City of Girls
CITY OF GIRLS opens in upstate New York in the early 1940s. To her parents’ horror, Vivian Morris has flunked out of Vassar. Less as a punishment than simply to get her out of their hair, they send her to stay with her flamboyant, free-thinking Aunt Peg in New York City. Here, Vivian’s life truly begins.
I wasn’t wild about Eat, Pray, Love, the book that put Elizabeth Gilbert on the charts. I felt that the heroine of this memoir was self-indulgent and self-absorbed. I felt the same at the start of City of Girls, which is definitely a novel. Here, though, there is growth. Here, there are signs of a talented writer.
For one thing, Ms. Gilbert’s rendition of the life of party girls in the Big Apple in the 1940s is filled with detail and flavor.
For another, her cast of characters is well-conceived, each one fleshed-out and believable.
For a third, the trajectory she gives her protagonist is satisfying. But. Only…at the end of the book. This is the one problem I had.

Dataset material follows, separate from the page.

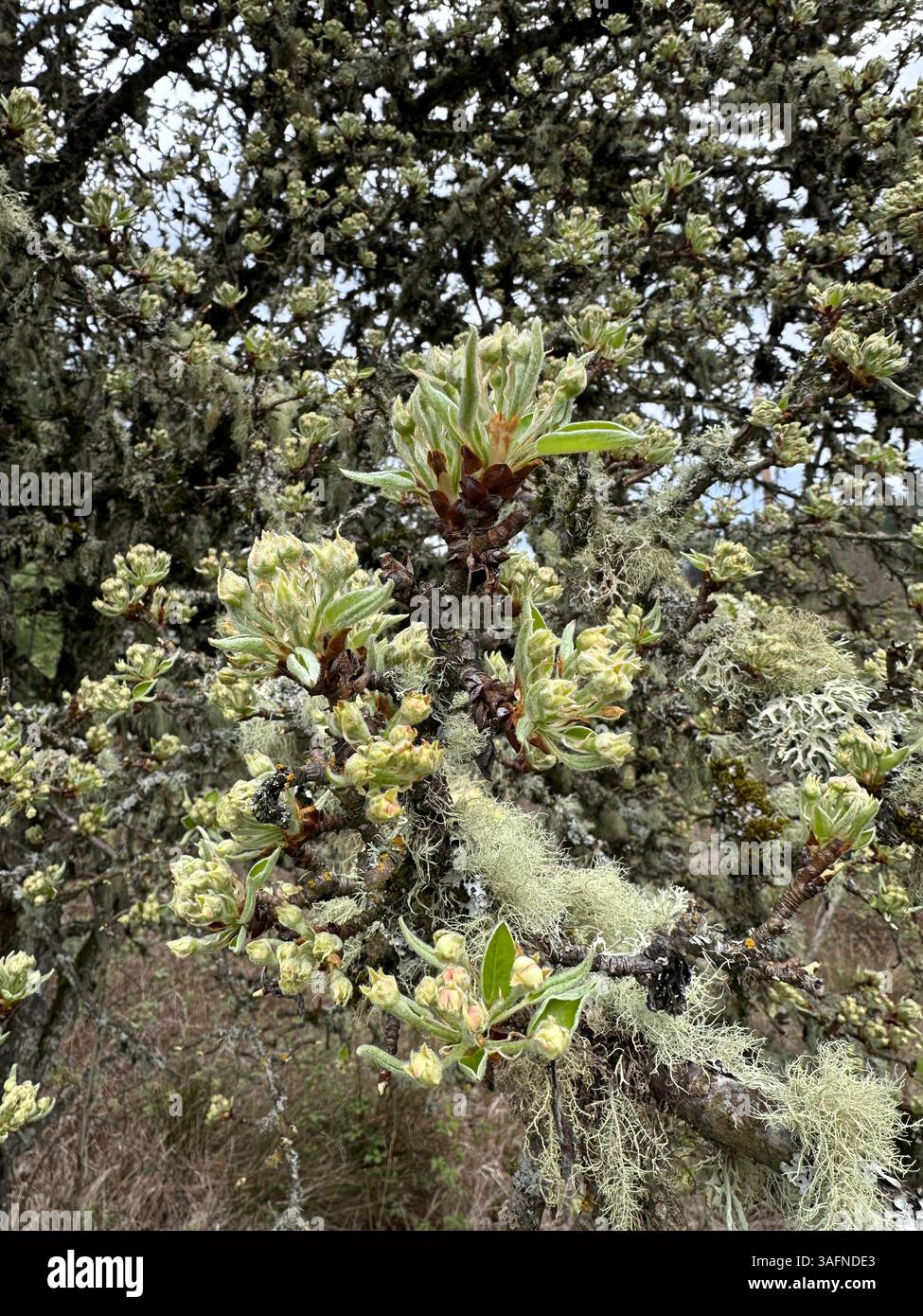 Ein alter Birnenbaum im Frühjahr mit Blüten und Flechten an den Zweigen. Stockfoto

The book is written as a letter to a woman who plays a role in the protagonist’s life that is unknown to us for 400 of the 450 pages of the book. It isn’t until those last 50 pages that we understand who she is. It isn’t until these last fifty pages that the whole book takes on meaning and life.
In that sense, these last 50 pages are redemptive. I just wish we hadn’t had to wait so long. On one hand, I understand – and agree – that those 50 pages have meaning only because of the story preceding it. On the other, that story might have easily been shortened without a loss.
That said, this is an easy read. There are elements for a book club to discuss. If you’re going on vacation, take it with my blessing.